Task requirements.
Please give the number of lines in the listing that include the word "Multi", with no other words.

Material for this task.

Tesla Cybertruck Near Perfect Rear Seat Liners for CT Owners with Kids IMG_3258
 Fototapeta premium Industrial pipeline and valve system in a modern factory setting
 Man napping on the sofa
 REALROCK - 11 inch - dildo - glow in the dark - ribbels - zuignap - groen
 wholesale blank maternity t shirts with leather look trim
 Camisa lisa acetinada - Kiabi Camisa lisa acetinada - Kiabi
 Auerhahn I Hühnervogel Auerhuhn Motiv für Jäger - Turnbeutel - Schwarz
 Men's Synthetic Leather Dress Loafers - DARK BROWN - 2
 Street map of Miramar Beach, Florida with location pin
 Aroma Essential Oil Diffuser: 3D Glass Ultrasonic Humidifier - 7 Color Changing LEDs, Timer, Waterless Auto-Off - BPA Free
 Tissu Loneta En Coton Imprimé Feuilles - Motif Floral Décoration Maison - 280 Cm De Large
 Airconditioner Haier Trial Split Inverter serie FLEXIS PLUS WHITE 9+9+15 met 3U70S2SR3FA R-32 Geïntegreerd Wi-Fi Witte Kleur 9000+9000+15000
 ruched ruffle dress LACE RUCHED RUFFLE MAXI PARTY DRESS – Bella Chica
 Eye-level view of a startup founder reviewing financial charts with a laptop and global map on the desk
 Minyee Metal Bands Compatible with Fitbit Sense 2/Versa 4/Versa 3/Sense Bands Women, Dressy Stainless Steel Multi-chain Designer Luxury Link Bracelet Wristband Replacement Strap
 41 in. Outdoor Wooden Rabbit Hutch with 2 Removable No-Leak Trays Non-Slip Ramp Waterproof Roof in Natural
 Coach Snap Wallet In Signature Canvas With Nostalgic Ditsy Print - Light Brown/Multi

Result of this task.
2